***** Dataset excerpts

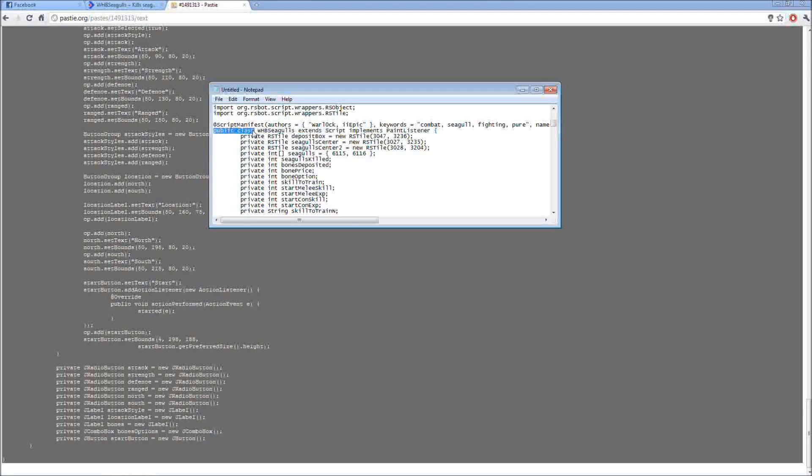Now the name after public class, which is this, WHB Seagulls, this is the name that you have to save it as.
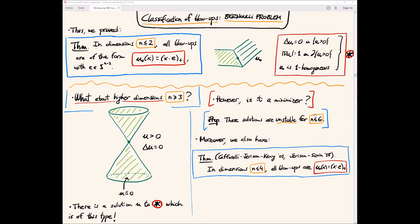This is a deep result due to Caffarelli, Jerison, and Kenig (2001) and Jerison and Savin (2015). The first result is that these explicit conical solutions are unstable in dimensions up to six. The deeper result is the classification of blowups: in dimensions n ≤ 4, all blowups are the one-dimensional solution. Caffarelli, Jerison, and Kenig proved it in dimension three in 2001; Jerison and Savin proved it in dimension four in 2015, which is very difficult.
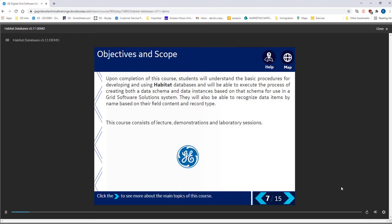We have described the objectives and scope of the course in this slide. Those taking this course will gain an understanding of the basic procedures for developing and using Habitat databases.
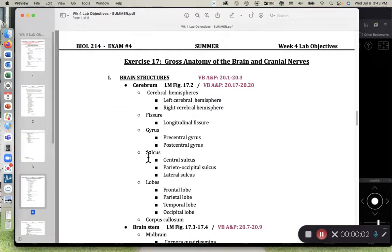Hey class, in this recording we're going to be focusing on your brain anatomy. This content is going to be from Exercise 17 of your lab manual, and we're going to be focusing on the brain and structures of the brain. So let's dive into it.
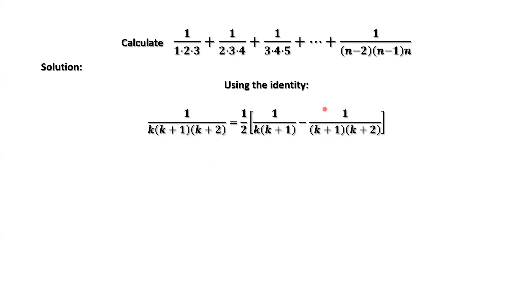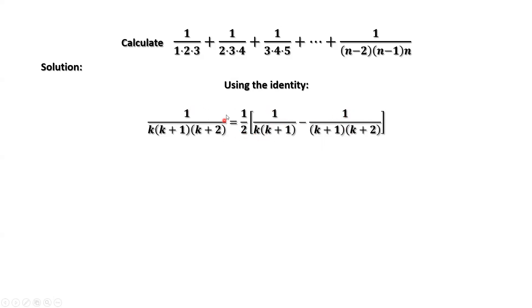It's easy to prove this identity. Just check the right-hand side — it is the difference of two fractions. What is the common denominator for the difference of two terms? The numerator for the first term is k plus 2, and the numerator for the second term is k, with a minus sign. Therefore the numerator is k plus 2 minus k, which is 2. Then 2 divided by 2 is 1, confirming the identity.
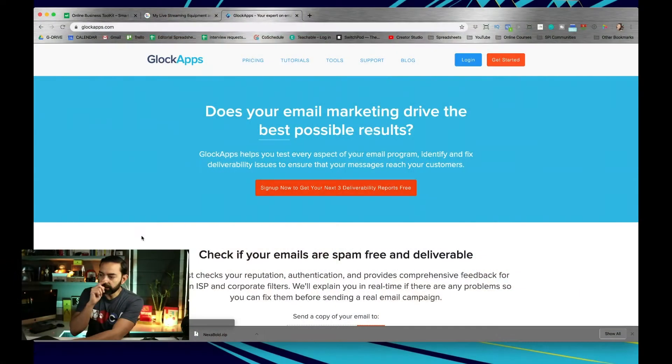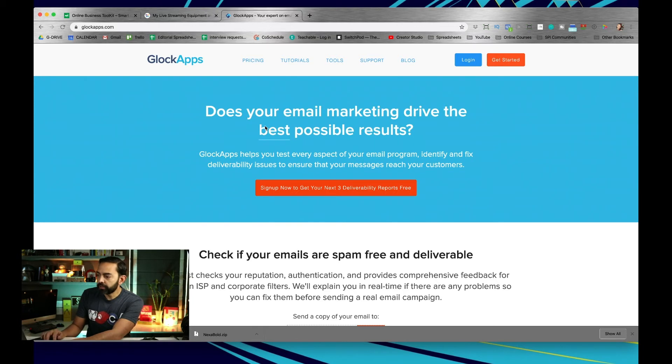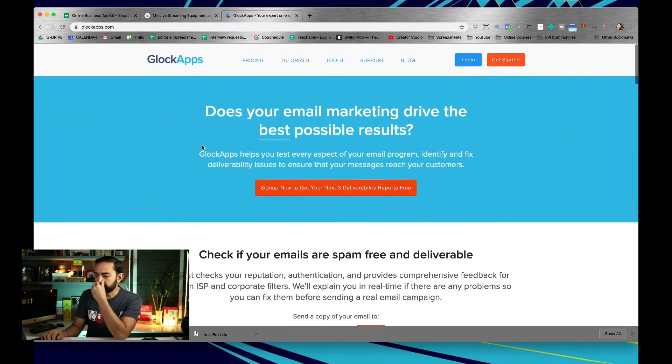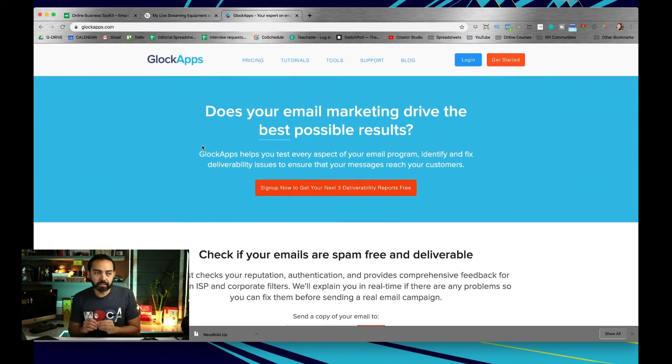Probably the number one thing you can do that's a little more technical is check out this website — I'm going to pop it up — and hopefully this will be a helpful resource for anyone doing email marketing right now. It's called GlockApps. GlockApps asks: does your email marketing drive the best results possible?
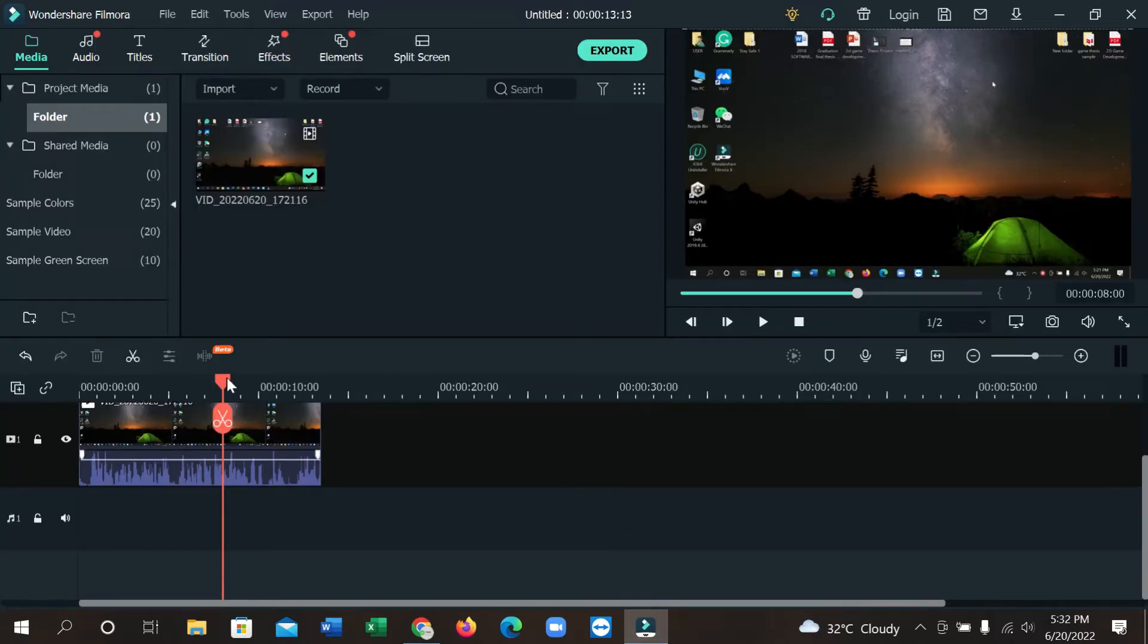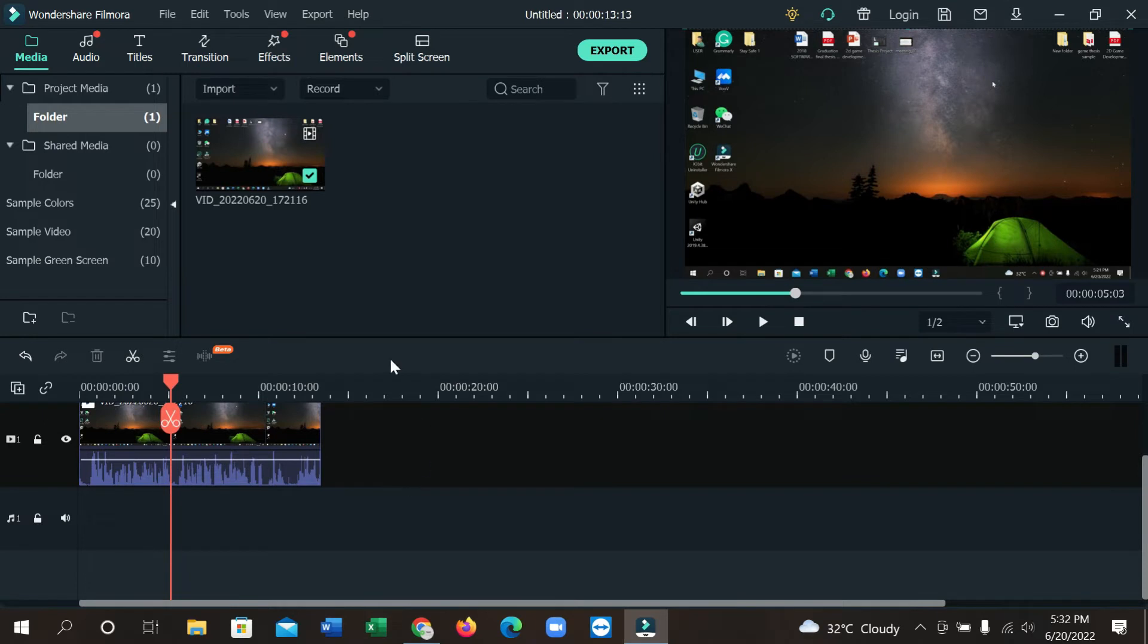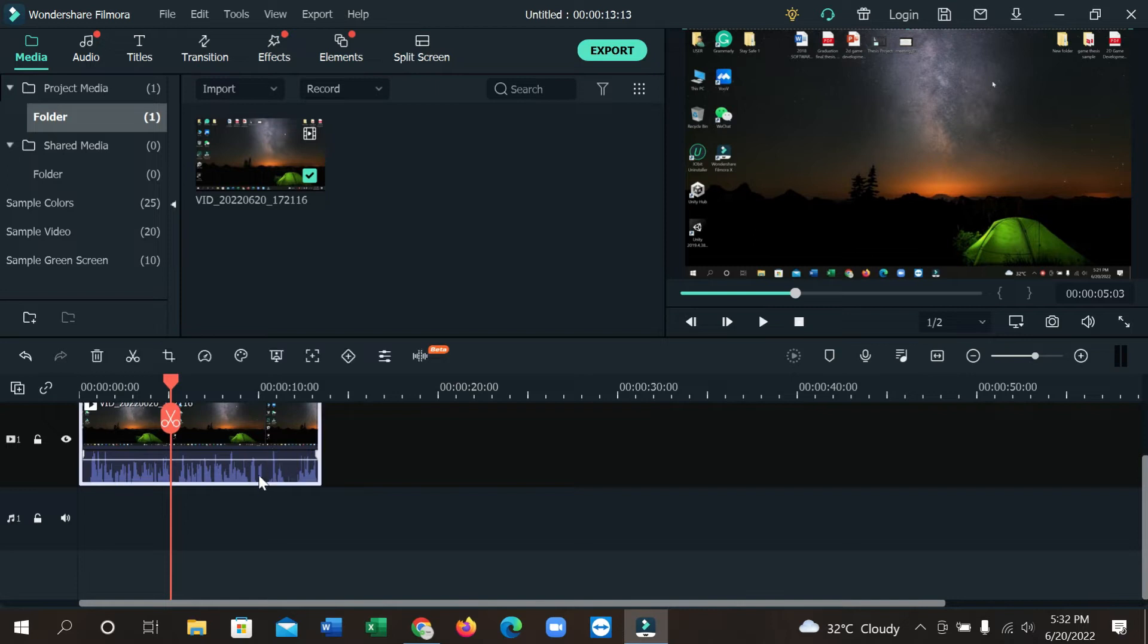After opening Filmora, you can see I've already imported a video. I want to increase my video brightness, so I'll select my video first. You can see I select my video.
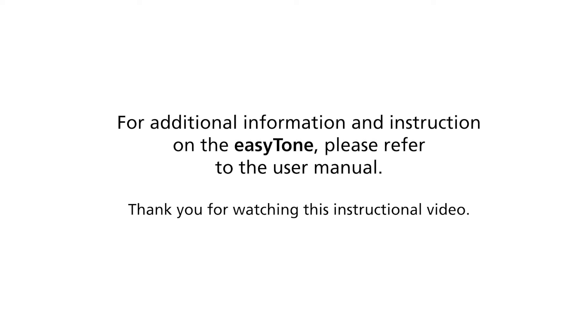For additional information and instruction on the EZ-Tone, please refer to the user manual. Thank you for watching this instructional video.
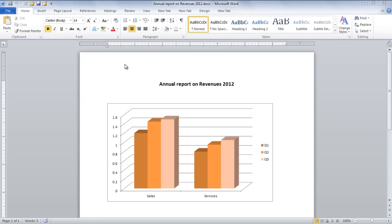In this tutorial, we will teach you how to encrypt a document in Microsoft Word 2010.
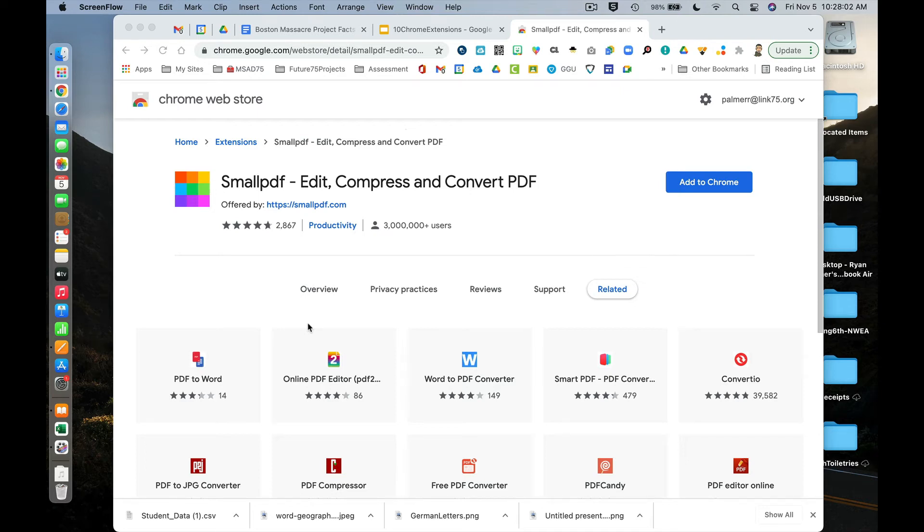Small PDF is a Chrome extension that allows you to convert certain documents into PDFs, as well as convert PDFs into different types of documents.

**********

> [Your assignment] All that should appear in the answer is the lines above from the line with "This is a deep" through the line with "For additional information", retyped exactly, pictures left out.

> [Exercise response]
This is a deep result due to Caffarelli, Jerison, and Kenig (2001) and Jerison and Savin (2015). The first result is that these explicit conical solutions are unstable in dimensions up to six. The deeper result is the classification of blowups: in dimensions n ≤ 4, all blowups are the one-dimensional solution. Caffarelli, Jerison, and Kenig proved it in dimension three in 2001; Jerison and Savin proved it in dimension four in 2015, which is very difficult.
We have described the objectives and scope of the course in this slide. Those taking this course will gain an understanding of the basic procedures for developing and using Habitat databases.
Hey class, in this recording we're going to be focusing on your brain anatomy. This content is going to be from Exercise 17 of your lab manual, and we're going to be focusing on the brain and structures of the brain. So let's dive into it.
It's easy to prove this identity. Just check the right-hand side — it is the difference of two fractions. What is the common denominator for the difference of two terms? The numerator for the first term is k plus 2, and the numerator for the second term is k, with a minus sign. Therefore the numerator is k plus 2 minus k, which is 2. Then 2 divided by 2 is 1, confirming the identity.
Probably the number one thing you can do that's a little more technical is check out this website — I'm going to pop it up — and hopefully this will be a helpful resource for anyone doing email marketing right now. It's called GlockApps. GlockApps asks: does your email marketing drive the best results possible?
After opening Filmora, you can see I've already imported a video. I want to increase my video brightness, so I'll select my video first. You can see I select my video.
For additional information and instruction on the EZ-Tone, please refer to the user manual. Thank you for watching this instructional video.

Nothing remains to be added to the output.